» What you have to do: Quote exactly, and only, the lines of the material below from the line with "アイルイムーブル向島のトイレ" through the line with "Usado 2019 Citroën".

» Data excerpts:
+ + + + +

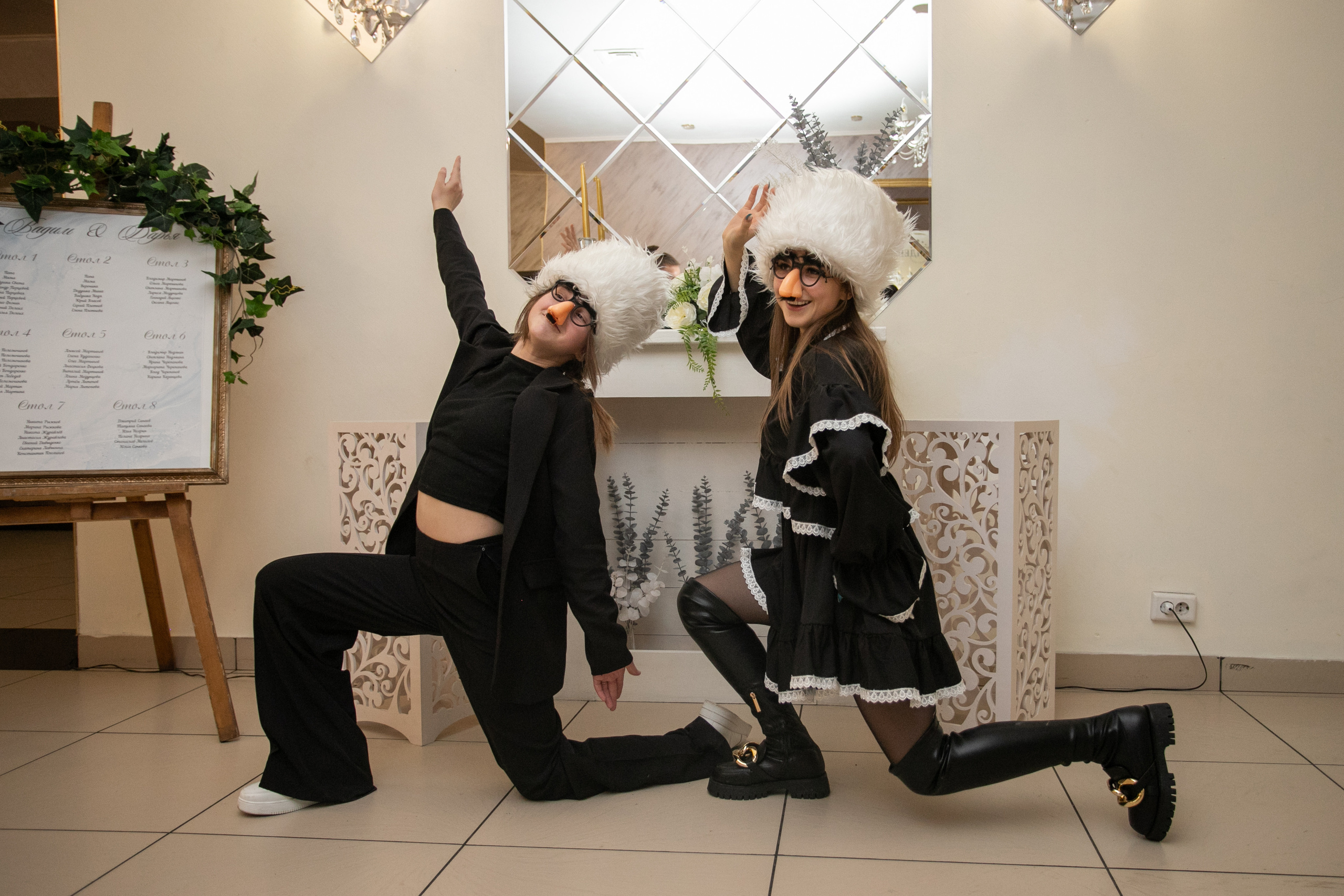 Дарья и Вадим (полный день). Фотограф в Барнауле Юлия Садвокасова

+ + + + +

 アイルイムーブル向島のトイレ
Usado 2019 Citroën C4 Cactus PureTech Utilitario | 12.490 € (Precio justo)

+ + + + +

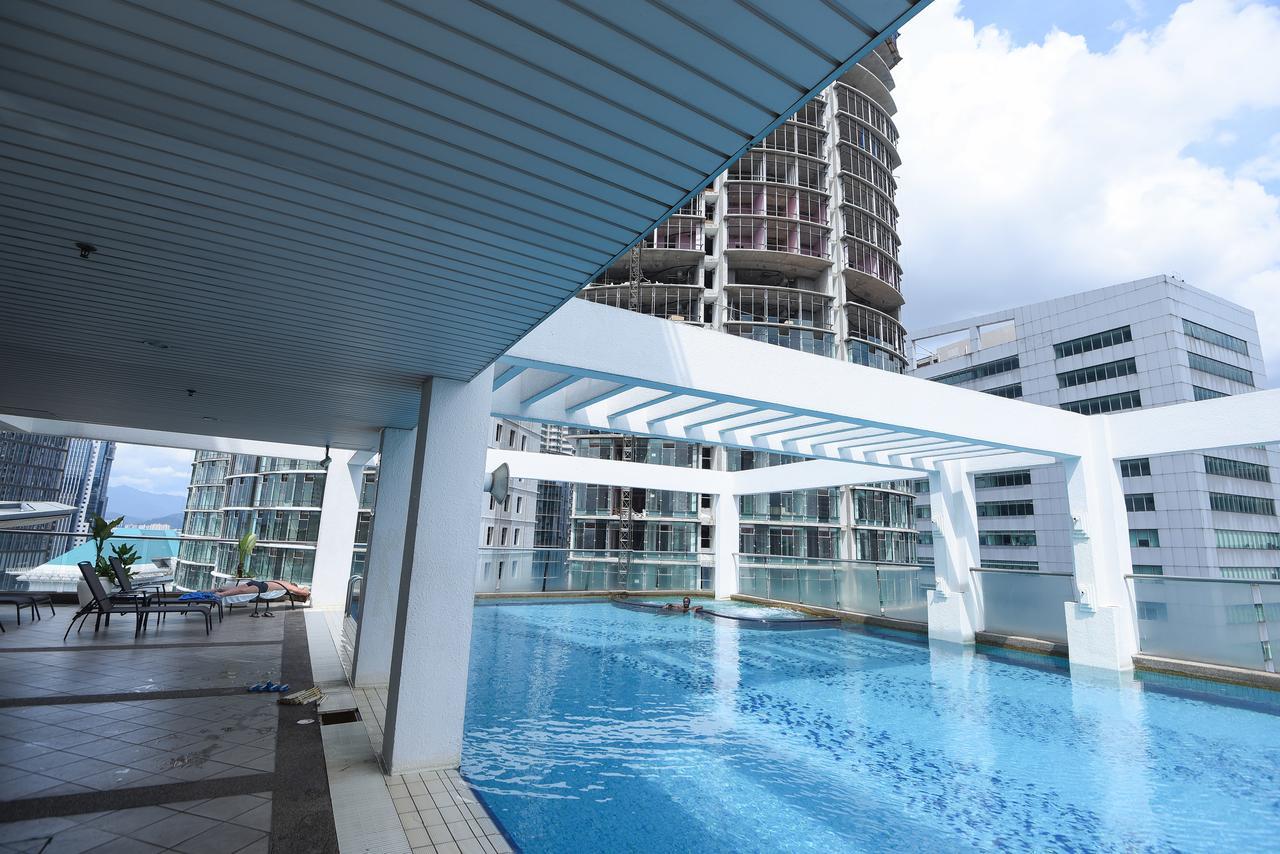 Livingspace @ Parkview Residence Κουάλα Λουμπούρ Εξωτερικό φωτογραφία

+ + + + +

» Written answer:
 アイルイムーブル向島のトイレ
Usado 2019 Citroën C4 Cactus PureTech Utilitario | 12.490 € (Precio justo)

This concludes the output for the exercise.